**THE PROBLEM:** Give back an exact copy of the lines in the records below, from the line that has "So this is a" through the line that has "Hello everyone, welcome", and nothing besides.
═════ ENTRIES SUPPLIED ═════
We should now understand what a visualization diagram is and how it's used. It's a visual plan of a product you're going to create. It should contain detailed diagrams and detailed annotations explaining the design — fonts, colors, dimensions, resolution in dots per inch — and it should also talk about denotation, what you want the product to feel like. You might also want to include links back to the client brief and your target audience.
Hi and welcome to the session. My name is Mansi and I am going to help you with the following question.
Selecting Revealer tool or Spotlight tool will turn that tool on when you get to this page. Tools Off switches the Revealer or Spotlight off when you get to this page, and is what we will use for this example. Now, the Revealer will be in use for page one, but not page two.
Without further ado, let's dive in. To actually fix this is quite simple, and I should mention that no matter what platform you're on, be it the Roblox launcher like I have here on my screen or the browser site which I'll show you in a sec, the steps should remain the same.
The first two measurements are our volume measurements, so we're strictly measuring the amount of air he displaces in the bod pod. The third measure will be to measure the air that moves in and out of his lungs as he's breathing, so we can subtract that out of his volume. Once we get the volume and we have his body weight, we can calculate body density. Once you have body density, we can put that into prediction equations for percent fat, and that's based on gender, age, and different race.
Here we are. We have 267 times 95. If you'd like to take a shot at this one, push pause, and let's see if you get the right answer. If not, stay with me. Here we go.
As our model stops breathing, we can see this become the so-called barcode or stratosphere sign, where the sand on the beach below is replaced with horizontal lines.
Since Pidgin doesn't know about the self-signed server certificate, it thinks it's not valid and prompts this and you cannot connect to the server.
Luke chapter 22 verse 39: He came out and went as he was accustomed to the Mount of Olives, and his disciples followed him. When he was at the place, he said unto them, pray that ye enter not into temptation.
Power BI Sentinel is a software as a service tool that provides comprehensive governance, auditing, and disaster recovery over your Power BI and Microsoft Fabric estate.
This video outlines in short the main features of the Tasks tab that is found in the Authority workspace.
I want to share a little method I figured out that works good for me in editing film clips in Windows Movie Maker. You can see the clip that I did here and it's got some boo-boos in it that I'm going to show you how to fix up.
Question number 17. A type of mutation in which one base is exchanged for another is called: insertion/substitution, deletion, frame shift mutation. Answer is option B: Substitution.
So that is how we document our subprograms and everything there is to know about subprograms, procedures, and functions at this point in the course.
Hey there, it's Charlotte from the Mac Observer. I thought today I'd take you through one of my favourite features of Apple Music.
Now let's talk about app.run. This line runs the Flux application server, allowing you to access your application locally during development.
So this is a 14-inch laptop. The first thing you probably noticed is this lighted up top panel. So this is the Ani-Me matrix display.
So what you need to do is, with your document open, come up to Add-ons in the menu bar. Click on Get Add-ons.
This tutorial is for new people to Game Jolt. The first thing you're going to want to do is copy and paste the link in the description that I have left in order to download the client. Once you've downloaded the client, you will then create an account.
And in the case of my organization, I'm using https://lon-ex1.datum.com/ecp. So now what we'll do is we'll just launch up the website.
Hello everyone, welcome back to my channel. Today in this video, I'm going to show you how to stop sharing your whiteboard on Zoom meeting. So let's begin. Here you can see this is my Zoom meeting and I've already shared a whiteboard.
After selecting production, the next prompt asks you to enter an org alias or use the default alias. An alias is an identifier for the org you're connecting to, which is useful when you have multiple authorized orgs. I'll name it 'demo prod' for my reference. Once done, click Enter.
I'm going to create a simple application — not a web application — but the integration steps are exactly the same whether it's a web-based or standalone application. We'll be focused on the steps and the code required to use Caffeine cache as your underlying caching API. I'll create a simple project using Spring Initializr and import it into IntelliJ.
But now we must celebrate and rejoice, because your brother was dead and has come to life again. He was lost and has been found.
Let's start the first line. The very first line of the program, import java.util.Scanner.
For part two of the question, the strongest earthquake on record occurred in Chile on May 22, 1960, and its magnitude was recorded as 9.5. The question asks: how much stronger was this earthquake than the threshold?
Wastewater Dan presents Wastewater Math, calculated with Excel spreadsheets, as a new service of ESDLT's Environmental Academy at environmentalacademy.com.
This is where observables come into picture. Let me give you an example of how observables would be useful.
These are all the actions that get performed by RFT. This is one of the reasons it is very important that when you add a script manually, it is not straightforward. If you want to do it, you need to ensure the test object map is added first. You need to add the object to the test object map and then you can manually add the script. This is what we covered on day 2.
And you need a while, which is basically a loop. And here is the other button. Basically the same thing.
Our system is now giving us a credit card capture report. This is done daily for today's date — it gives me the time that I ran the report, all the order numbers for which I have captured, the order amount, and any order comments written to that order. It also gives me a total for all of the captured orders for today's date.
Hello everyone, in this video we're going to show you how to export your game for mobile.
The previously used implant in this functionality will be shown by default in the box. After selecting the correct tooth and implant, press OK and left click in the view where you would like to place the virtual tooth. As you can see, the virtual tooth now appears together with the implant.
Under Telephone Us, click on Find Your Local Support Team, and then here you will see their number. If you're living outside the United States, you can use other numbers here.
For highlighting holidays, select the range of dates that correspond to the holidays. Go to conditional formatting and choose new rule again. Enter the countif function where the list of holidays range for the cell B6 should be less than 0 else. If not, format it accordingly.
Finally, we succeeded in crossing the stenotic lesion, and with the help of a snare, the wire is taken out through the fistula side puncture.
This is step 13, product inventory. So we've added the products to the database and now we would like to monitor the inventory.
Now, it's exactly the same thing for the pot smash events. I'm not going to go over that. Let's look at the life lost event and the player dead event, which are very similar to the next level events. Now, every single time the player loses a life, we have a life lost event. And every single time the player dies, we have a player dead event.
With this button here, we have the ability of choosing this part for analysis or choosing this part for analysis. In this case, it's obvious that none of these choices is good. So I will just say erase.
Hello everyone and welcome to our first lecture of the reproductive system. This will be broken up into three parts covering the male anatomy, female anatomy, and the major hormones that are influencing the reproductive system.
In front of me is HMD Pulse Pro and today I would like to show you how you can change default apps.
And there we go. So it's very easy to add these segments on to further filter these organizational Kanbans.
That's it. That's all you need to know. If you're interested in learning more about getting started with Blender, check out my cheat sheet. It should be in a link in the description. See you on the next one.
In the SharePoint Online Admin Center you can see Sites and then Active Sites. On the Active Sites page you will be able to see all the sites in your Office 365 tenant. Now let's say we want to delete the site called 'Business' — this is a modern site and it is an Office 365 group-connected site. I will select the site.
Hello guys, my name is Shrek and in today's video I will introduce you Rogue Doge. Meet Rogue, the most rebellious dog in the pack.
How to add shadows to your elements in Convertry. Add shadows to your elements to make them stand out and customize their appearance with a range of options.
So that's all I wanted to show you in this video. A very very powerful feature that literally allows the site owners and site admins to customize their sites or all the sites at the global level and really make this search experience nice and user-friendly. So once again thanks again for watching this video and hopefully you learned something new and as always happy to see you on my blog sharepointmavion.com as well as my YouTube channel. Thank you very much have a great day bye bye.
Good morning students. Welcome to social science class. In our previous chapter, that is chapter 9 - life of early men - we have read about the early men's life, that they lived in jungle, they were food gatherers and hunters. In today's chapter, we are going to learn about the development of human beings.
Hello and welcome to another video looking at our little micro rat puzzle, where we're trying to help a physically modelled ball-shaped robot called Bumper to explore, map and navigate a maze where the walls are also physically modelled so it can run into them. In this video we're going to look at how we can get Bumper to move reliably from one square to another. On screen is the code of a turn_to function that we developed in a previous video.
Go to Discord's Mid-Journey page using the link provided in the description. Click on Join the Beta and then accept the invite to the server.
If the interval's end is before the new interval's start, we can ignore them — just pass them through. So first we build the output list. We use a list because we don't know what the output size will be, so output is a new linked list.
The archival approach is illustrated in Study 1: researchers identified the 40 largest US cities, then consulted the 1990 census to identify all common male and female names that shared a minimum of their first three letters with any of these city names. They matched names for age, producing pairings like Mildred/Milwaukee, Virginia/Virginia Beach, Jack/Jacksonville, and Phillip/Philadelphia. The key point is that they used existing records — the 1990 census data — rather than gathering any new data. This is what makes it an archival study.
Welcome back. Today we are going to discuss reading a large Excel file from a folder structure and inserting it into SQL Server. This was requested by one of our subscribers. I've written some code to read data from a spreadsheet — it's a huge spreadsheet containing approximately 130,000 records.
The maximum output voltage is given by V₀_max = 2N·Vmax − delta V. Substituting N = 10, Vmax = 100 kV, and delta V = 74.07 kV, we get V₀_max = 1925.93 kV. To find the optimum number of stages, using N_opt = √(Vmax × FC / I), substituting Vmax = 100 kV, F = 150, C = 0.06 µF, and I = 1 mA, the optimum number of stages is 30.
═════
**COMPLETED EXERCISE:**
So this is a 14-inch laptop. The first thing you probably noticed is this lighted up top panel. So this is the Ani-Me matrix display.
So what you need to do is, with your document open, come up to Add-ons in the menu bar. Click on Get Add-ons.
This tutorial is for new people to Game Jolt. The first thing you're going to want to do is copy and paste the link in the description that I have left in order to download the client. Once you've downloaded the client, you will then create an account.
And in the case of my organization, I'm using https://lon-ex1.datum.com/ecp. So now what we'll do is we'll just launch up the website.
Hello everyone, welcome back to my channel. Today in this video, I'm going to show you how to stop sharing your whiteboard on Zoom meeting. So let's begin. Here you can see this is my Zoom meeting and I've already shared a whiteboard.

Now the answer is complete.